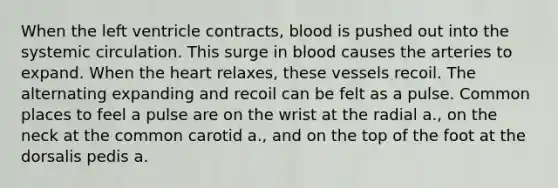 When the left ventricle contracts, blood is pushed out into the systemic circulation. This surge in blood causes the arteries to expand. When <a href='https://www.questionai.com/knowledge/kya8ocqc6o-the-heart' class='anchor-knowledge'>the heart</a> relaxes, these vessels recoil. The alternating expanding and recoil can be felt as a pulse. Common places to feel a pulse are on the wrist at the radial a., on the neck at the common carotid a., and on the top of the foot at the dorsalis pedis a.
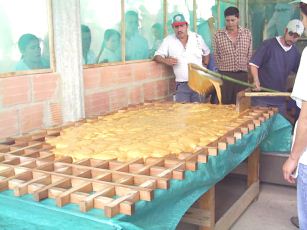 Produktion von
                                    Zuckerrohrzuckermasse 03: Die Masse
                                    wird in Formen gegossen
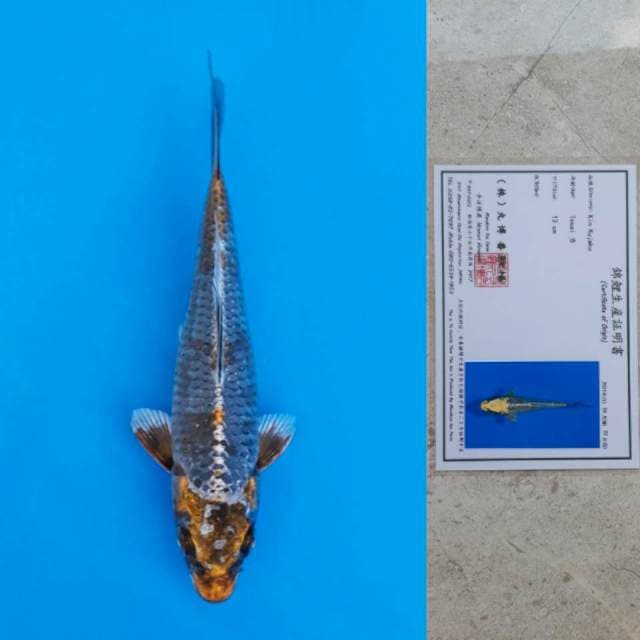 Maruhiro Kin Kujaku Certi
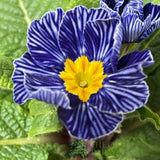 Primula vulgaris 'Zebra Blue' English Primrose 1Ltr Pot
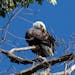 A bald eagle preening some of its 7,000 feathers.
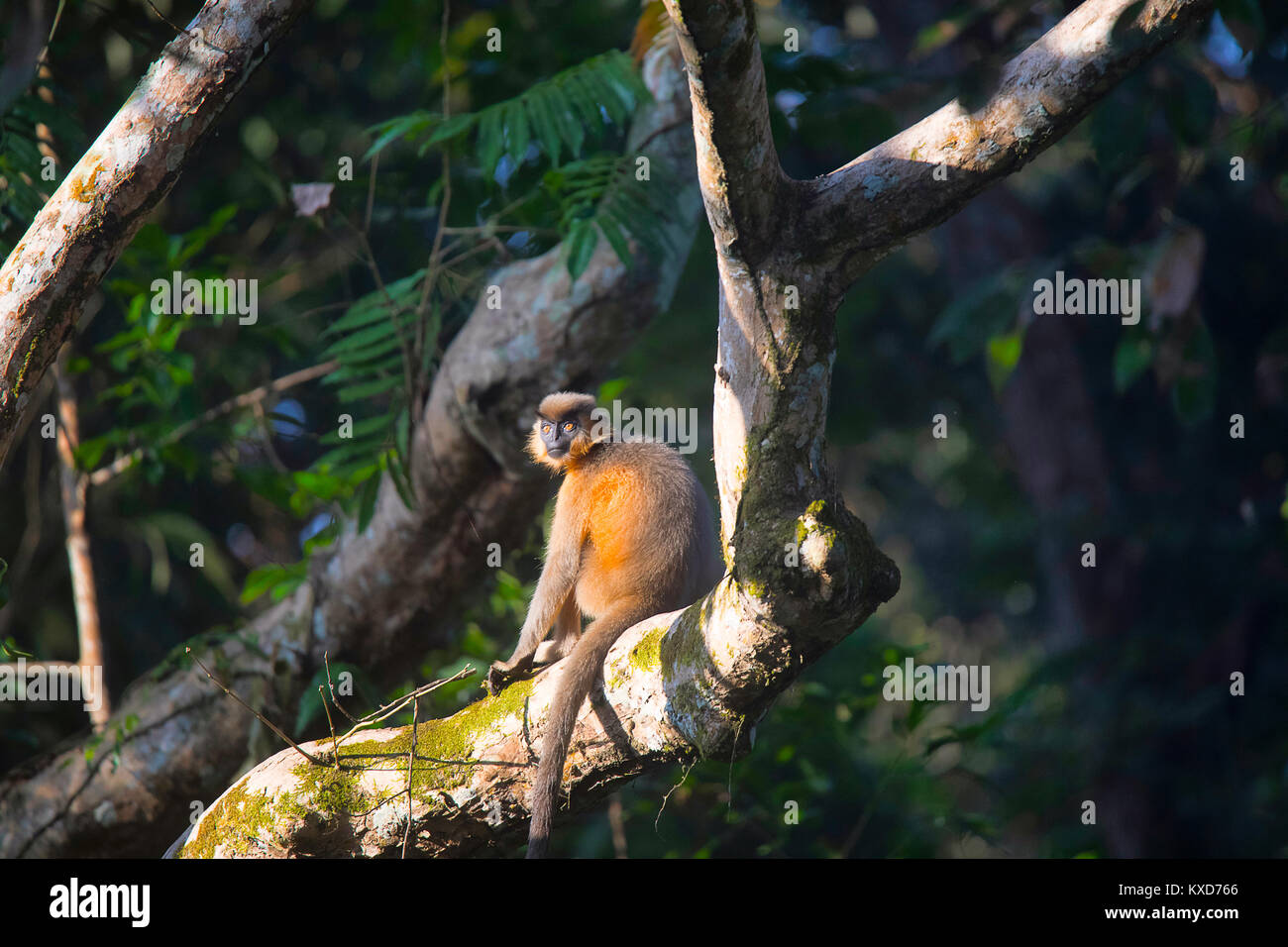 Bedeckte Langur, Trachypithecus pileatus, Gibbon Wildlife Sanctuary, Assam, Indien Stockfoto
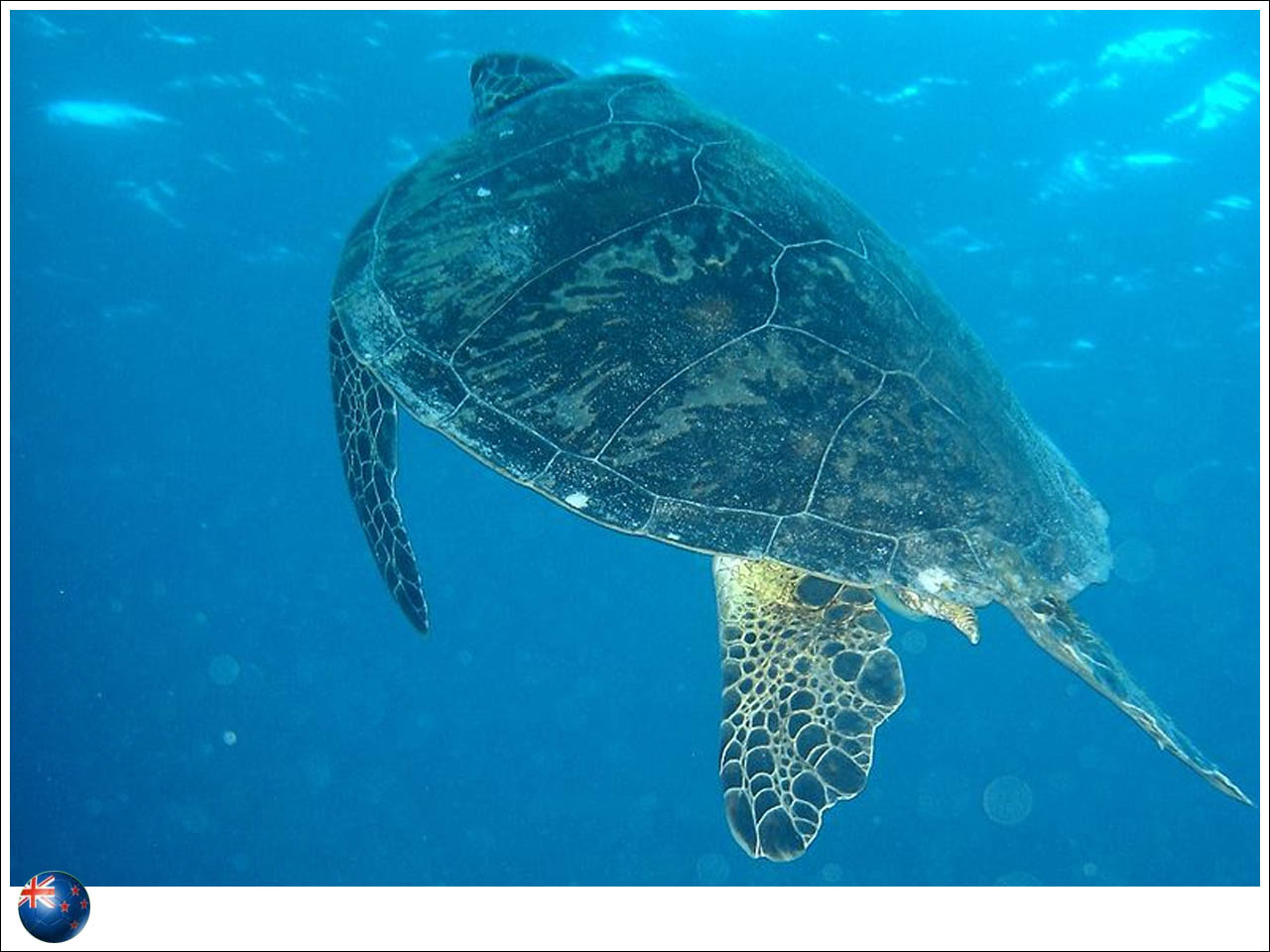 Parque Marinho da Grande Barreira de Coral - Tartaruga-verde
***
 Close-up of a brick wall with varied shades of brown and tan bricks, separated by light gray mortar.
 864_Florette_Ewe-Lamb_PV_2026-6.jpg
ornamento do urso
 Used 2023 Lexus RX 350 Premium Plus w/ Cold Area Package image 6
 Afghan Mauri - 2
***
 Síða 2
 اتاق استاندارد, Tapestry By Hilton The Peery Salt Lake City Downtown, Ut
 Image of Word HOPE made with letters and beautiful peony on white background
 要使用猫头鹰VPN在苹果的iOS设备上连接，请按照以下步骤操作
***
> **Activity**: Each line of the listing that includes the word "with" should be copied out.

> **Task output**:
 Close-up of a brick wall with varied shades of brown and tan bricks, separated by light gray mortar.
 Image of Word HOPE made with letters and beautiful peony on white background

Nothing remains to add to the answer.